As for virtual reality, Skeer said it isn’t for everyone–he suggests finding a friend who uses VR and trying out their headset before buying one. For the majority of sim racers, “a single screen is just fine.”
So where are we headed with online racing–as a hobby, as a way to enhance a career, as entertainment to watch even if you aren’t a gamer? Is the pandemic and the resulting shelter-at-home interest in online racing what Skeer suggests is “a potential kickstart” for the industry in North America, and around the world? Or is it an aberration in which interest will quickly fade as true on-pavement racing eventually returns?
Or will it put new fans in the stands, and new racers on the track?
Future Thinking
Doug Fehan, who started working for General Motors in 1988 with the mandate to evaluate not only GM racing programs but those of its competitors, began the current Corvette Racing program in 1997, first with the C5 and progressing through the C6, C7, and now the C8.R mid-engine GT Le Mans team.
Yes, between Zoom meetings as he shelters in place, he’s been paying close attention to iRacing and the televised sim races. And he’s intrigued. “It might be a perfect confluence to alert people to a new way of doing things. Watching one of the NASCAR races, unless you had a really good TV and were paying close attention, it looked like the real thing. They really have that sense of realism down.
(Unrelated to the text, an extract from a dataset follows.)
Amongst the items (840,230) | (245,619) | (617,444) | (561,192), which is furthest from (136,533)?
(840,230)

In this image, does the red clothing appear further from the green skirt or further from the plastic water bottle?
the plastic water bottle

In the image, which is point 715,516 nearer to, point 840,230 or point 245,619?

“But the question is: How do you incorporate the two? I’m hoping that with iRacing, we can maintain that motorsports mentality, and perhaps it’s introducing new people to the sport. And when the real racing comes back, maybe some of the people who have seen iRacing, or driven it at home, will come out to our events, looking for the sound and the smell and the feel of the real thing. The best we can hope for is that we keep our existing fans engaged but attract new people–and start out with a freshened fan base as we get back to business.”